According to the heat treatment method of the present invention as described above, it is possible to control the size of crystal grains even in a large material by relatively simple means of controlling the cooling rate. In the low alloy heat-resistant steel obtained by performing the above heat treatment method, an appropriate amount of pro-eutectoid ferrite phase is precipitated on the surface layer and the center of the material, and the crystal grains obtained by averaging the bainite phase and the pro-eutectoid ferrite phase, The steel material has an appropriate grain size of 3 to 6 in grain size. The precipitation amount of the pro-eutectoid ferrite phase is 5 to 40% by volume, and the pro-eutectoid ferrite phase has a metal structure in which the carbon / nitride phase is finely dispersed. This low-alloy heat-resistant steel has a very low impurity content, and has crystal grains of the same suitable size in the surface layer and the central part of the material, so it is rich in toughness, excellent in high-temperature strength, and especially creep. It has excellent material properties without causing embrittlement.

[0058]

The present invention will be described more specifically below with reference to examples and comparative examples. Table 1 shows the compositions of the steel materials used in each of the examples and comparative examples. In Table 1, material components 1 to 3 are tungsten (W) for CrMoV steel.
To enhance the material, and minimize harmful trace impurity elements such as phosphorus, sulfur, copper, aluminum, arsenic, tin and antimony as much as possible, enabling quenching from high temperatures of 1000 ° C or higher, and high toughness. Having high temperature properties,
In particular, the composition does not cause creep embrittlement.
Material component 4 is obtained by adding cobalt (C) to the alloy of material component 1.
o) is an alloy in which the matrix itself is strengthened and toughness is improved by adding o) to balance strength and toughness. Material component 5 and material component 6 further increase the hardenability by adding at least one trace element of niobium (Nb), tantalum (Ta), nitrogen (N), and boron (B) to the alloy of material component 1. And to improve the creep rupture strength. Furthermore, the addition of these trace elements has the effect of suppressing excessive growth of crystal grains during high-temperature heating, has the effect of making crystal grains finer and more uniform, and the trace elements form charcoal / nitride. The alloy is finely dispersed in the pro-eutectoid ferrite phase and becomes an alloy in which the pro-eutectoid ferrite phase is strengthened. The alloy of the material component 7 is obtained by adding at least one trace element of cobalt (Co) and niobium (Nb), tantalum (Ta), nitrogen (N) and boron (B) to the alloy of the material component 1, The matrix itself is strengthened to increase the toughness, and the crystal grains are easily made finer and uniform.

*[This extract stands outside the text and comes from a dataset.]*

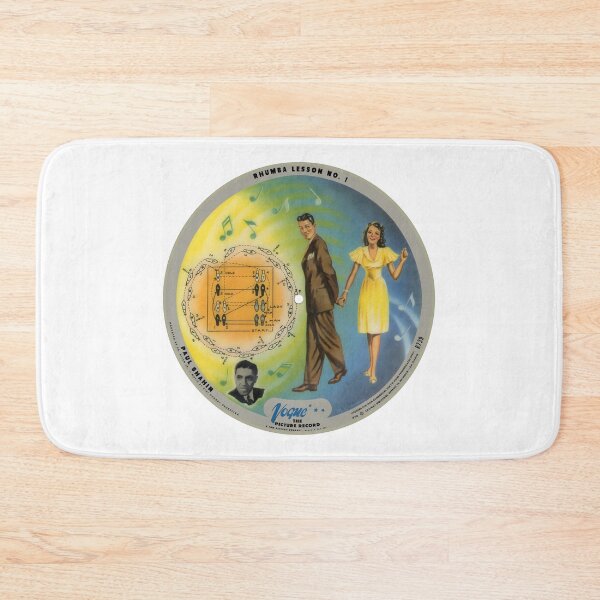 Item preview, Vogue Record Art - R 739 - P 70 designed and sold by VogueRecordArt.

(Examples 1 to 3 and Comparative Examples 2 to 3) (See Tables 4 and 5) An alloy having a composition of material component numbers 1 to 3 shown in Table 1 was used.
Test pieces subjected to heat treatment under the cooling conditions shown in Table 4 were produced. Each cooling condition simulates a cooling process of a surface layer portion and a central portion of a turbine rotor having a diameter of 1200 mm. The cooling condition of the present example is as follows.
The fountain was cooled to a temperature of 00 ° C or 850 ° C. Then, it was left in the atmosphere for 0.5 hour or 1 hour to be air-cooled, cooled again in oil or fountain, and cooled to room temperature. On the other hand, in the comparative example, oil quenching was performed from 1050 ° C., which is a normal quenching condition. Next, each test piece had an initial strength of 0.2.
Tempering was performed so that the% proof stress was 609 to 630 MPa. For these test pieces, the crystal grain size number and the precipitation amount of the proeutectoid ferrite phase were measured. The crystal grain size number was measured according to the measurement method for mixed grains specified in JIS G 0552 (1998) as described above. The amount of precipitated pro-eutectoid ferrite was measured using an image analyzer. Table 4 shows the measurement results. Furthermore, the measurement of the Charpy impact absorption energy and the creep test were performed on these test pieces. In the creep test, the creep rupture time at 600 ° C. and 147 MPa was measured for the smooth sample and the notched sample. Table 5 shows the measurement results.

From the results shown in Tables 4 and 5, all of the test pieces of Examples 1 to 3 according to the present invention have a crystal grain size in the range of 3.6 to 4.2 and a grain size number of 3 to 6. Since the precipitation amount of the pro-eutectoid ferrite phase is 12% to 25%, the Charpy impact absorption energy at room temperature, which is a target value for a turbine rotor;
Creep rupture time at 47 MPa: 3000 hours or more in smooth creep test and 1000 in notch creep test
0 hour or more, creep rupture time ratio (B / A): 1.6 or more, smooth creep rupture drawing; properties exceeding 50% or more are obtained.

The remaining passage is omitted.